En Afrique subsaharienne, les femmes représentent plus de la moitié de la population, s’occupent à 60 % du travail agricole, sont responsables à 70% de la production alimentaire et à presque 100% de la transformation des produits (1). Aujourd’hui, l’agriculture biologique s’offre comme un levier pour les aider à sortir de leurs conditions de précarité. Dans un contexte où l’accès à la propriété foncière, aux crédits, aux intrants et au matériel agricole leur est pratiquement fermé, les exploitations familiales ou les petites exploitations, qui sont par excellence le domaine de cette cette agriculture bio, leur ouvrent des perspectives. «Il suffit de peu d’investissement. Pour l’engrais, le compost est là. Les techniques culturales sont à portée de main et ne nécessitent pas une lourde mécanisation. Avec une production diversifiée, on peut se nourrir, vendre, transformer les produits, élargir les possibilités d’accès au marché, générer des revenus, améliorer l’alimentation dans la famille et contribuer au budget du ménage», énumère Mossane Ndour. Et d’ajouter : «Si vous regardez aujourd’hui, les femmes sont davantage intéressées que les hommes par l’agriculture biologique. Et les raisons en sont évidentes. Ce sont elles qui s’occupent le plus dans les champs et les cultures de rente ne leur rapportent guère. Dans la pauvreté, ce sont elles qui sont les plus touchées, alors que leurs responsabilités dans le foyer sont plus importantes».

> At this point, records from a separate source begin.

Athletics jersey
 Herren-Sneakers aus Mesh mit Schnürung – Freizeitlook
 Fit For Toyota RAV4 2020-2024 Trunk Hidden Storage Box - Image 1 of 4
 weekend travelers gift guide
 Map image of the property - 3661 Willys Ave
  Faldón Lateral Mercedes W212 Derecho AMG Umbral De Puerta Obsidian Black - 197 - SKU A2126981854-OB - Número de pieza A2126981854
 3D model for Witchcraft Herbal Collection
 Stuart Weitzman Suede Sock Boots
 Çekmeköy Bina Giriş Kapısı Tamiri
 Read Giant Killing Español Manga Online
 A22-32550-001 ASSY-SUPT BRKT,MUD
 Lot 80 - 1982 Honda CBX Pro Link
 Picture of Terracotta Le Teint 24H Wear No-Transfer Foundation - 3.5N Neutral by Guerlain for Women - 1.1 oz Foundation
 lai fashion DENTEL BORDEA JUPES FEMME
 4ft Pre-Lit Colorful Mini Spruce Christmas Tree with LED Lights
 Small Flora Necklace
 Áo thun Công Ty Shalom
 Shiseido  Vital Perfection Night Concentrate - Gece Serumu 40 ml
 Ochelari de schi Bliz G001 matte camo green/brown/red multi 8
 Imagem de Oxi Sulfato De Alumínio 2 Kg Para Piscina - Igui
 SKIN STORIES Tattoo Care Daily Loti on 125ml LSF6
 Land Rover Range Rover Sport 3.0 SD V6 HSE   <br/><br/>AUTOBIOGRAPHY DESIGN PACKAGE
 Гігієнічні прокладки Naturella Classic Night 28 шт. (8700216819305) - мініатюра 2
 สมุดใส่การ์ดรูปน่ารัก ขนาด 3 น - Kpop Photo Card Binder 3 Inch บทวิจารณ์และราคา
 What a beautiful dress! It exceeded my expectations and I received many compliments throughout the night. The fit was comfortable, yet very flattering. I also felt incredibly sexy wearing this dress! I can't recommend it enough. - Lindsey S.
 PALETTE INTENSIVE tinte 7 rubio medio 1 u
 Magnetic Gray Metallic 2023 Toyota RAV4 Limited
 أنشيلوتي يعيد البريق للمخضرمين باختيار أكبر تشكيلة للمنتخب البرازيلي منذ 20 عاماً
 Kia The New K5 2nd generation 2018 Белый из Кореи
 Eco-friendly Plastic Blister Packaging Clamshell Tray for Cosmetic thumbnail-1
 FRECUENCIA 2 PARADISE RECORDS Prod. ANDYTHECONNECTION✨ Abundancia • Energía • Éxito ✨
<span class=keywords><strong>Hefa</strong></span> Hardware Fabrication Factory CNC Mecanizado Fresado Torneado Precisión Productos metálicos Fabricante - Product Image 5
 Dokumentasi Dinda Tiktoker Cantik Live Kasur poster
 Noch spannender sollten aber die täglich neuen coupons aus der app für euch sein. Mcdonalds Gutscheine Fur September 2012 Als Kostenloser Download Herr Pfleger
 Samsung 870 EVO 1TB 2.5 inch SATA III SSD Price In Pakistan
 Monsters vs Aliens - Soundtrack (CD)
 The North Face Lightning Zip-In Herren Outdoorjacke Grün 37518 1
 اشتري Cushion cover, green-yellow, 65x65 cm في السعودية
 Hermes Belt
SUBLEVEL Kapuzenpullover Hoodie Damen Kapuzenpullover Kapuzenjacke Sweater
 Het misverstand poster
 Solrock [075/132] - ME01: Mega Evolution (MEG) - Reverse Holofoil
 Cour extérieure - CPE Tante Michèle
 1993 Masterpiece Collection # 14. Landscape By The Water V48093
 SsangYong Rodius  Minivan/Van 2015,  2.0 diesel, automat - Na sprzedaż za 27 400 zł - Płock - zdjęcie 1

Mais cette alternative agricole a encore du chemin à faire pour sortir de l’ornière et s’imposer en plein champ. Dans la revue Accacia n° 30, Mme Mari Touré, animatrice d’un projet Gestion intégré des terroirs, dessine ainsi les voies du changement :
«Une énergique campagne d’information et de communication qui orienterait les esprits vers l’adhésion à l’agriculture biologique comme système de production alternatif ;
«L’organisation d’ateliers expérimentaux de formation/ recyclage sur les méthodes et les principes de l’agriculture biologique ;
«Un appui financier conséquent en faveur des producteurs durement éprouvés par la pauvreté ;
«L’inventaire exhaustif et la mise à jour de toutes solutions techniques proposées par la recherche et les techniques impliquées ;
«Un appui à l’élevage pour augmenter les disponibilités en fertilisants organiques ;
«La mise sur pied d’une équipe locale de suivi des activités ;
«Cibler une jeunesse paysanne à privilégier, elle qui n’a connu que l’ère de vulgarisation de l’agriculture conventionnelle».
Au Sénégal les statistiques sont rares en matière d’agriculture biologique, mais selon Souleymane Bassoum, directeur d’Agrecol, on peut estimer ses pratiquants à 1%, alors que 5 % sont en cours de conversion. Les premiers maillons d’une chaîne dont les pionniers ont commencé à s’activer au début des années 1990.
Notes
“Women and sustainable food security,” Prepared by the Women in Development Service (SDWW),
FAO Women and Population Division, www.fao.org/sd/fsdirect/fbdirect/fsp001.htm
* Tidiane Kassé est rédacteur en chef de l’édition française de Pambazuka News.